No way is the oropendola in the photograph above lying quiet and passive in the pocket; that bird is struggling, and it has used its ten minutes to full advantage, working its head and its left wing entirely through the net. It also seems to have hooked a loop around its tongue. With a little patience, an experienced net-runner will have had no trouble extricating this bird from its tangle–but still, it would have been a lot easier ten minutes earlier.

But here’s the real question, the important question: does it matter? Does the fact that these photographs memorialize a situation that I think we can all stipulate is a bad one diminish their value as art? Are they, as a very thoughtful colleague of mine wrote, “ethically tainted”? Are we aesthetic Donatists, or are we willing to accept that good art can be about bad things?

In September 2001, Karlheinz Stockhausen held a press conference in Hamburg. A leading light of the German avant garde in the ’60s and 70s, Stockhausen had slipped into obscurity –but he burst forth again, and how, in Hambug with a dozen words that will live on long after his music is barely a footnote in Grove: the fall of the World Trade Center earlier that month was “das größte Kunstwerk, das es überhaupt gibt für den ganzen Kosmos,” the greatest work of art there can ever be in the entire cosmos.

The revulsion and the horror at Stockhausen’s words, just days after the attacks on New York and Washington, were universal and proper. (The universal attention paid those words was not, however, proper, given that the composer’s progress into mental illness was already well known.) As Anthony Tommasini put it in the Times, “real suffering is not [art]” and never can be.

The murder of thousands of people is not art. War is not art. And–just to ratchet things back down to our original, much more comfortable problem–trapping wild animals, for whatever purpose, is not art. To be sure, bird banding in the hands of far too many of its practitioners has become a performance and an entertainment and a money-maker, but it’s not art.

Suffering, especially suffering inflicted on unwilling and unknowing victims, is not art. But suffering is supremely and indisputably an appropriate subject for art. From venatorial scenes on the walls of Lascaux to the Grand Guignol, from medieval Passion cycles to Picasso, representations of real suffering problematize nature and human nature (and, often enough, the intersection between the two), upsetting our views of what is inevitable and what is right; and many such works do that in ways that are pretty, or striking, or clever, or even very beautiful.

Only a new Stockhausen, and one in a particularly impious frame of mind, could call the Bourbon Restoration and the occupation of Spain a work of art. But in the hands of a genius, torture, murder, and dismemberment become the stuff of masterpieces. The Disasters of War is beautiful–even if the disasters of war are not. Goya’s prints transform horror into works of formal perfection and intellectual challenge.

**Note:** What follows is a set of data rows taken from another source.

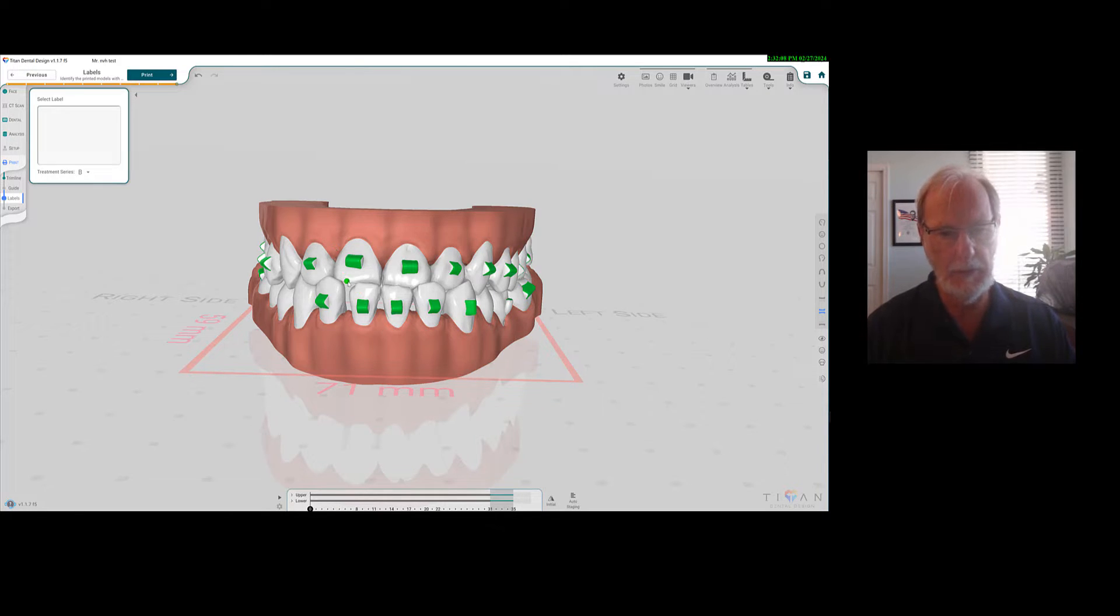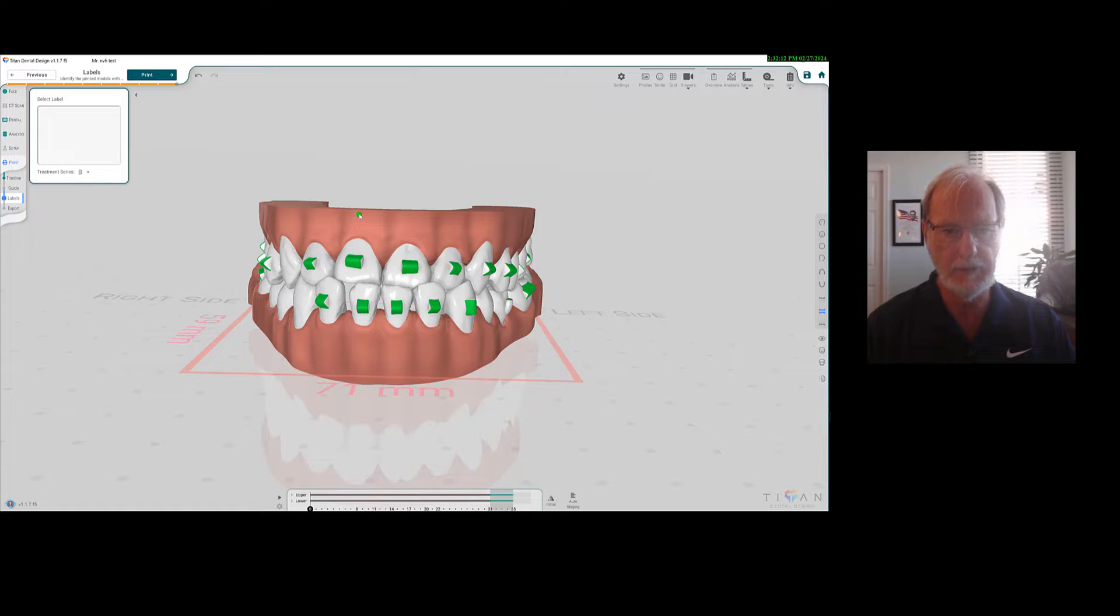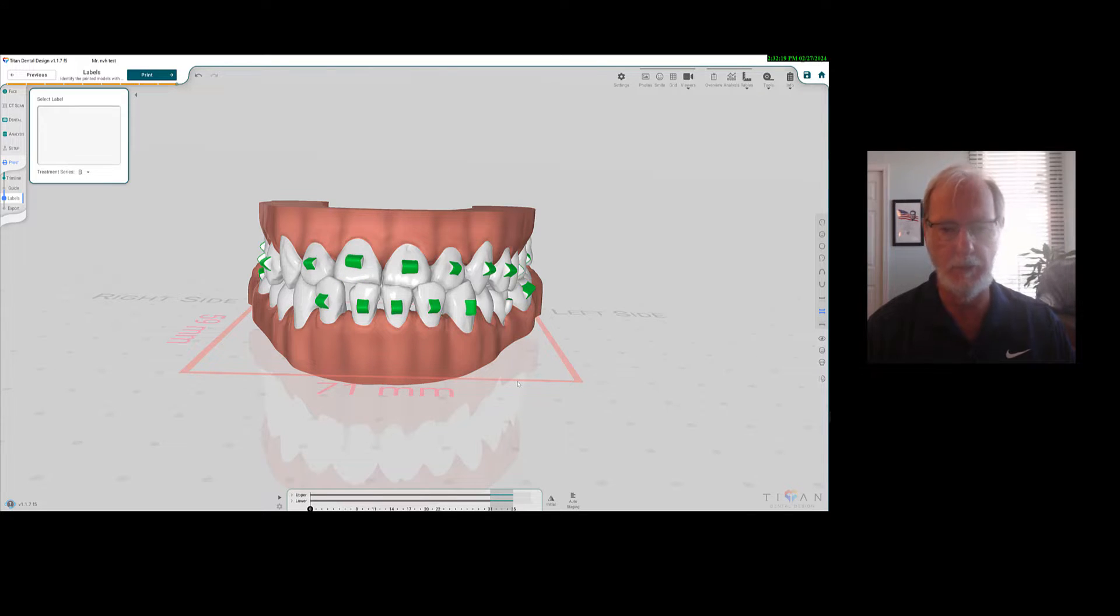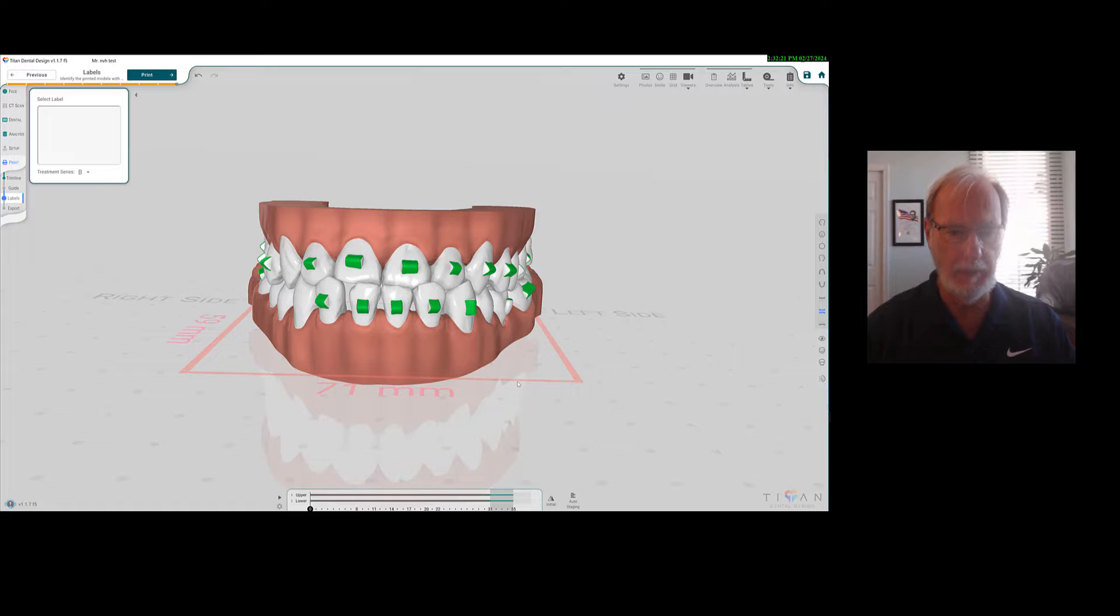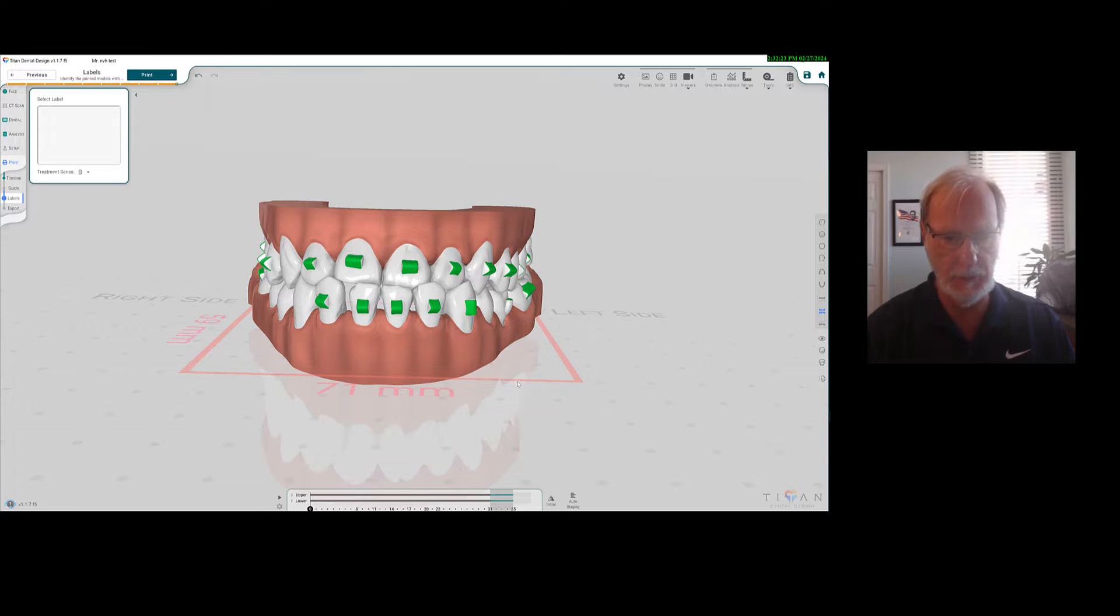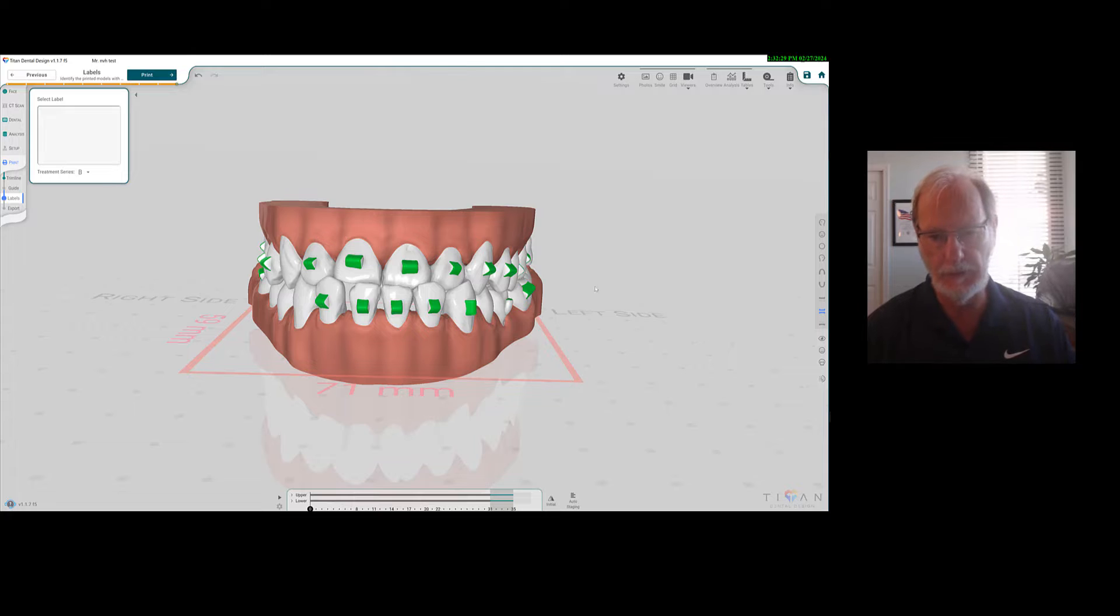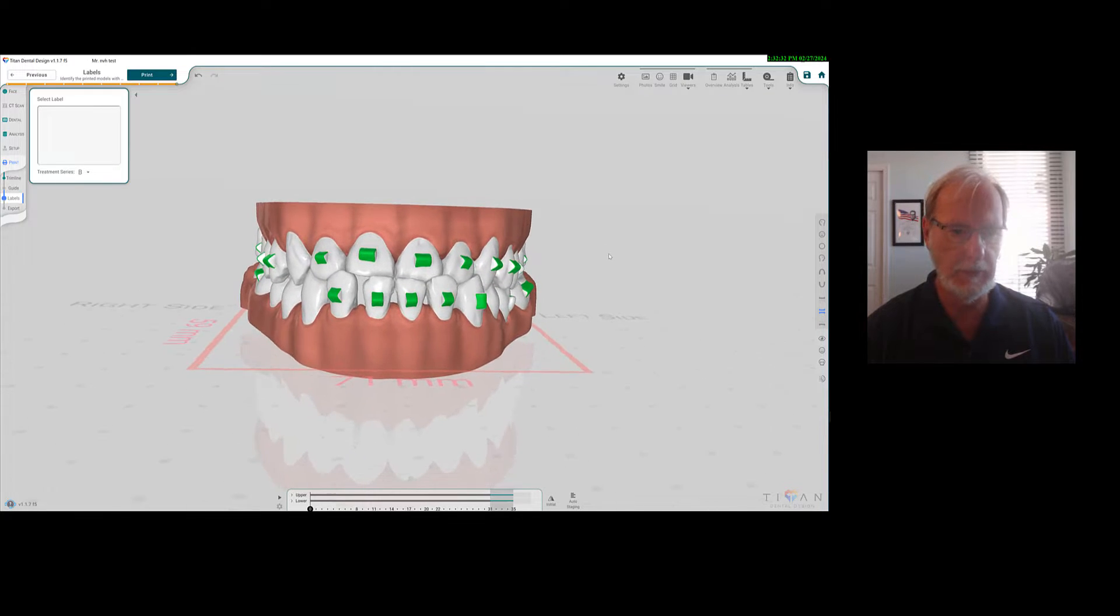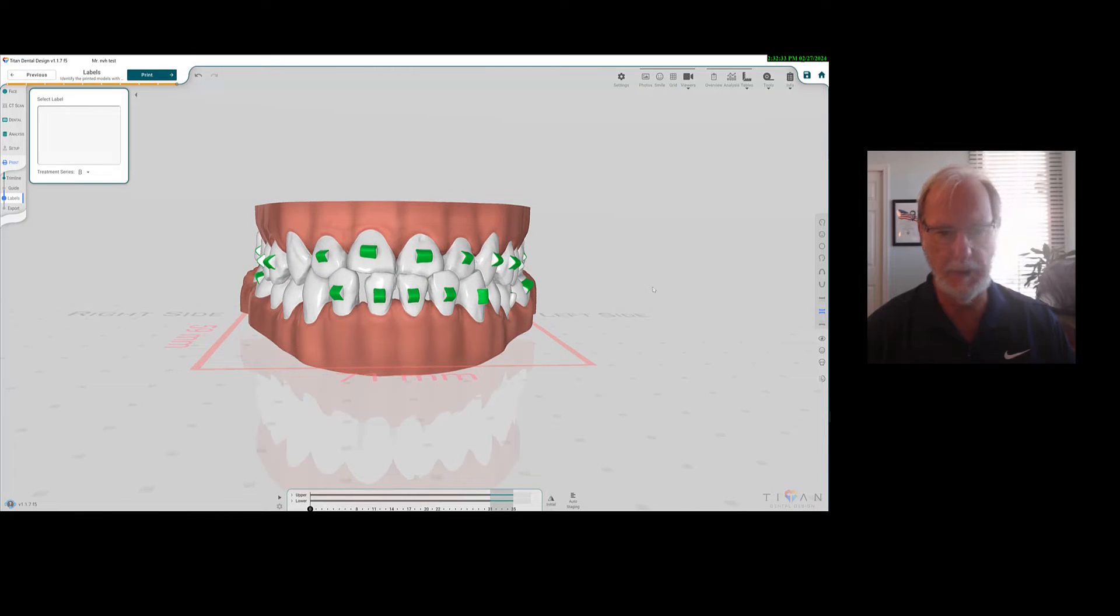And the second one is the center of rotation from the incisal edge to the center of resistance to the apex to really decide where you will be rotating these teeth around which center. And obviously, the force system will be altered. That's my two suggestions. But really, it's a good software, and it's improving constantly from what I can see.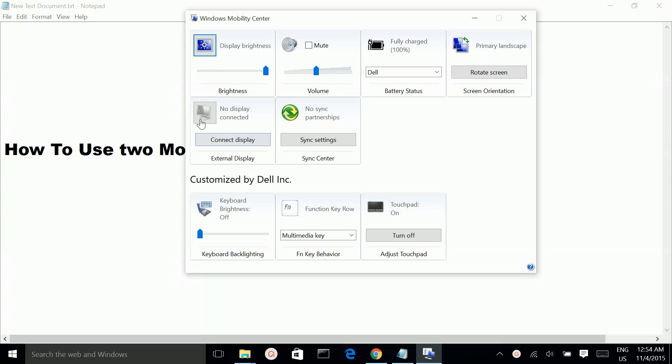Here you can see the external display option. Click on the connect display button.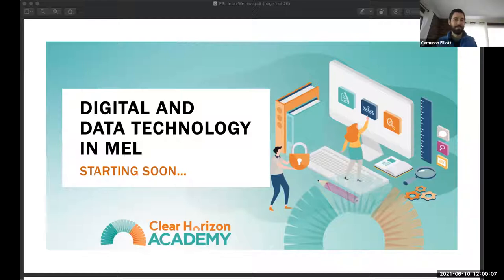Hi everyone. Thank you so much for joining us for our webinar. The topic of today's webinar is digital and data technology in measurement, evaluation and learning. It looks like we've got quite a few of you today — 20 to begin with — and I imagine there'll be more joining us as we continue.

Todd Forsgren’s photographs are of birds captured, he tells us, by ornithologists for scientific purposes. They are suffering, but the photographer did not engineer their suffering (and I’m not sure it would make a difference to me if he had). The images he makes are not (as all those facebook photos of birds in the hand most decidedly are) souvenirs of curiosity, but rather the questioning record of a particular species of human intervention in nature. These photographs ask questions about the relationship between knowledge and freedom, science and reality, creation and “data.”

And they’re beautiful, in the way that carefully imagined depictions of shocking violence can be.

One of my friends, thoughtful and sophisticated, wrote:

I don’t like the imagery – takes away from the beauty of the birds…. seeing them all tied up like that is depressing and sad, it agitates me.

But that’s what art does. It agitates you, it “kicks complacency in the” rear, as another friend said, and makes you ask why an image or a text or a piece of music troubles or delights, or better, troubles and delights. Good art–and this is good art–takes you out of your settled ways and changes you. Good art is sacramental, and the value of a sacrament does not depend on how it is administered. We’ve known that since Carthage.